From March 24th to May 26th 2018

William Klein

William + Klein

Polka presents “William + Klein”, a retrospective organized in celebration of William Klein’s 90th birthday on April 19th 2018. The scenography is made up of a monumental photographic mosaic of 90 prints, retracing Klein’s oeuvre through the most decisive chapters of his practice. From his light abstractions (1948-1952) to his fashion photography (1958-2002), Klein created films, wandered the streets of New York (1954-55), Rome (1956), Moscow (1959) and Tokyo (1961), passing of course through Paris, his adopted home. The exhibition’s selection pays homage to the most French-hearted of American photographers, following the journey of his great career, spanning 70 years of photography. 

Abstract (1948-1952). Before his colossal influence on street and fashion photography, Klein was trained in abstract painting in Paris under Fernand Léger. Armed with his Rolleiflex, won in a poker game during his service in the army, photography quickly becomes his new experimental battlefield. He plays with light and geometry in the vacuum of darkness, gradually establishing a photographic vocabulary that will follow him throughout his career. Klein’s first photographic abstractions are exhibited in Milan in 1954, and have most recently been displayed at the Centre Pompidou in the exhibition “Photographisme”. 

New York (1954 - 1955). Spurred by Alexander Liberman, the director of Vogue, William Klein returns to his hometown - New York City. “I was in a trance, dazed by the possibilities of what my camera could do. So I adopted the slogan ‘anything goes’. This is what has always worked for me. No rules, no prohibitions and no limits.” Klein breaks all of the medium’s established codes, flipping framing on its head, jostling angles, playing with rhythm, image succession and film grain for the first time. He revolutionizes the act of photographing. Rejected in the United States, Klein’s book Life is Good & Good for You in New York is only published thanks to Chris Marker, the director of Seuil at the time. Receiving the Nadar prize in 1957, the book is now considered a key founding text in the history of 20th century photography. 

From Rome, to Tokyo, Paris and Moscow (1956-2002). New York brings the first chapter of Klein’s body of work to a close. The second opens with an exploration of four major cities: Rome, Moscow, Tokyo and Paris. They are the heros of his travel diaries, documenting a world tour that lasts for forty years. Klein discovers the winding streets and the great authors of Rome at Fellini’s side as his assistant. He meets his mentors at the café Rosati on the Piazza del Popolo, among them Pier Paolo Pasolini, Ennio Flaiano, Alberto Moravia and Giangiacomo Feltrinelli. The next leg of his trip takes him to Moscow. The American photographer ventures onto enemy territory at the peak of the cold war… yet somehow he remembers being “[…] surprised and shaken.
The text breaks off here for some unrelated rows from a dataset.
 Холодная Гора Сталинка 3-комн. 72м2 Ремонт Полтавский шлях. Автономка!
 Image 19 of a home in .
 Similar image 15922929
I hate New York, but I love Moscow. This city touched me most of all, stirring my heart”. Two years later in 1961 he travels further still to the east, this time on an official invitation from the Japanese authorities to photograph their largest megalopolis. By then his work on New York and Rome is already well known in Tokyo. Thus his vision of photography inspires the greatest of that Japanese generation: Nobuyoshi Araki, Daïdo Moriyama and Eikoh Hosoe. 
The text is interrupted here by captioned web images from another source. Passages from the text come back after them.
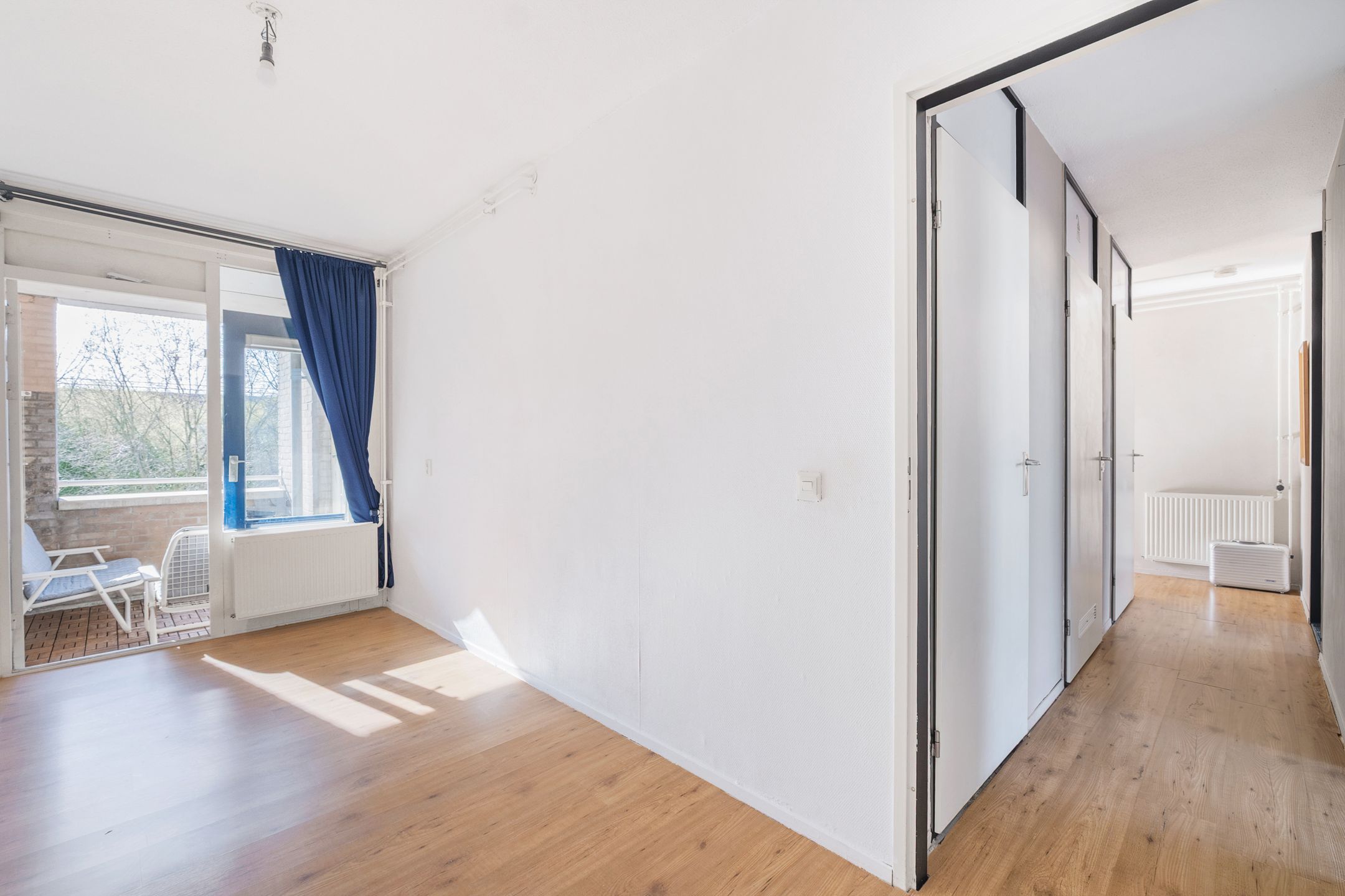 Photo 15 of Boris Pasternakstraat 511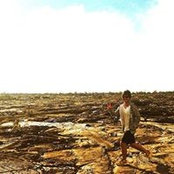 Ryuichi Fujimoto's photo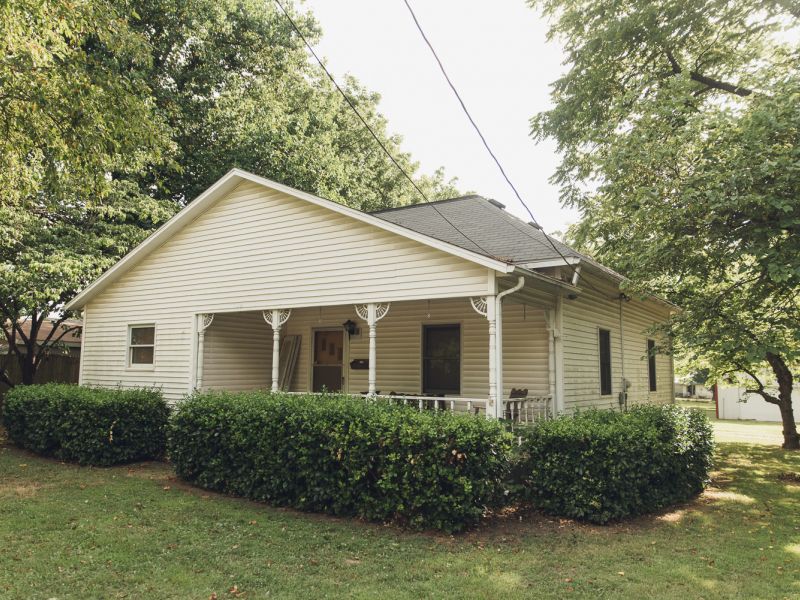 HGTV Fixer To Fabulous 203a 24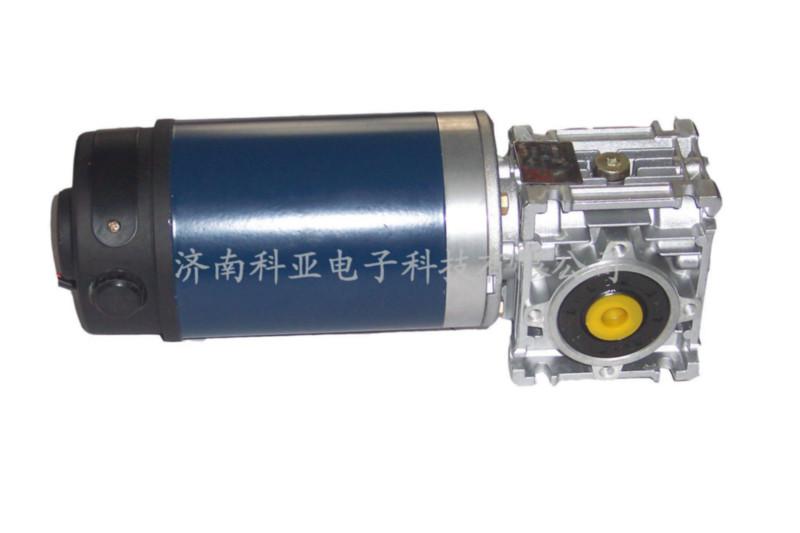 供應(yīng)雙級蝸輪蝸桿減速直流電機(jī)/蝸輪蝸桿減速電機(jī)公司聯(lián)系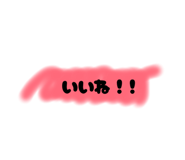 839640625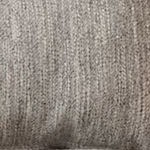 gray/walnut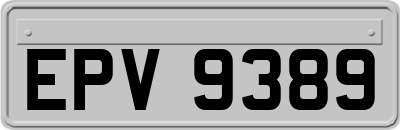 EPV9389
Fashion. In 1958 Klein signs a contract with Vogue. His colleagues are Irving Penn and Richard Avedon. It is there, on the pages of fashion magazines that the photography of the period flourishes. Far from the shackles of photographic conservatisms, visionary artistic directors take the reins. Klein immediately takes advantage of the opportunity, bringing his models out of the studio and down into the swarming, bright streets. They pose while life continues flowing around them; and he observes from afar through his telephoto lens. In 1994 Klein’s book In & Out Fashion is published alongside his exhibition at the ICP in New York City. 

Portraits + Friends. William Klein goes on to photograph a series of celebrity portraits for Vogue and Harper’s Bazaar. His subjects invlude Brigitte Bardot, Audrey Hepburn, Jeanne Moreau, Jean-Luc Godard and Serge Gainsbourg. Among the exhibited selection are multiple never-before-seen prints. 
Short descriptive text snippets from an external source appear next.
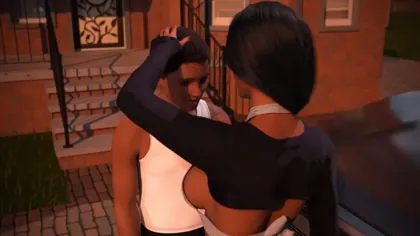 Game – Szenen-Screenshot (13)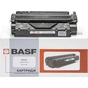 Картридж BASF для HP LJ 1150 аналог Q2624A (KT-Q2624A) - зменшене зображення 1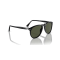 Persol PO 9649S 95/31 Güneş Gözlüğü, Resim 4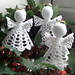 Table Angel photo 4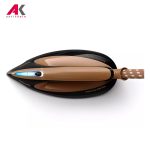 اتو مخزن دار فیلیپس مدل PHILIPS GC9682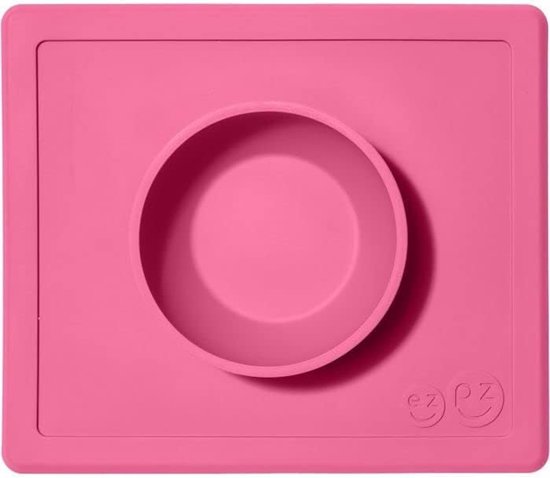 Puppy Cat Bowl, RVS Kitten Bowl met standaard, Beschermt de cervicale wervelkolom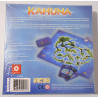 Jeu Kahuna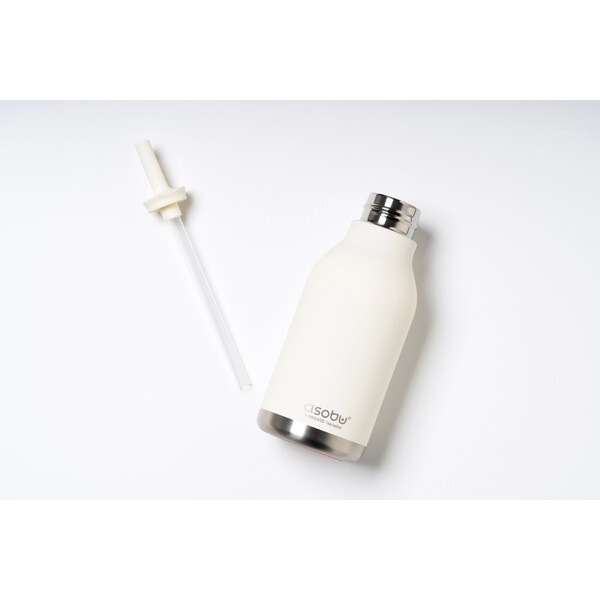 SBV44DI グリーン ダイナソー(恐竜) BESTIE(べスティ) キャラクター ボトル (460ml) SBV44DI グリーン ダイナソー(恐竜) BESTIE(べスティ) キャラクター ボトル (460ml)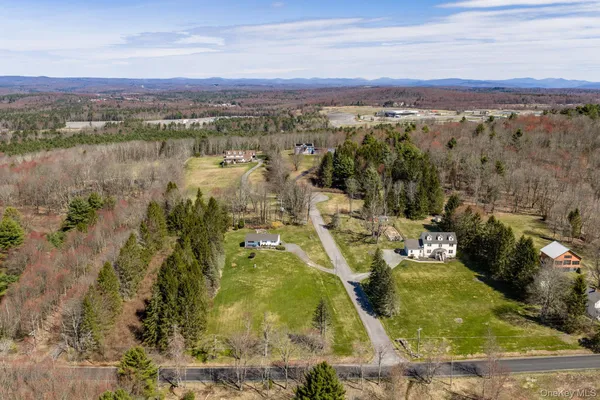 $430,000 | 5 Blue Spruce Lane, Monticello, NY 12701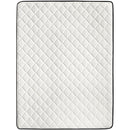 Sealy Osage Firm Tight Top Mattress (Twin XL) IMAGE 4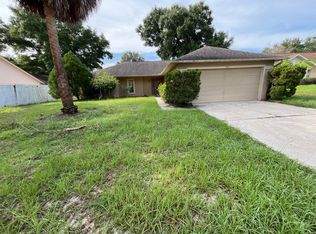 1618 Cassingham Cir, Ocoee, FL 34761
“Typo” + Films. At times Klein’s conceptual angle of a fine artist takes over his photography. He appropriates the street, twisting its artifacts of peeling billboards, cement blocks and neon lights into photographic ready-mades. On the other side of the medium’s spectrum, the exhibition investigates his cinematography, displayingreproductions of his films’ posters. 

Contacts + Klein (1990-2014). This recent series of unique pieces meshes photography with cinema, graphic design and painting, embodying William Klein’s complex and multifaceted relationship with the medium. Selecting three negative stills at a time through his enlarger, Klein recreates his own cinematographic sequence, his “three-shot film”, sealing it in with a thick framework of painted brushstrokes. The artist reproduces the archetypal gesture of a photographer in front of his contact sheet, emphasizing the importance of his selection. Numerous painted contact sheets punctuate this anniversary exhibition.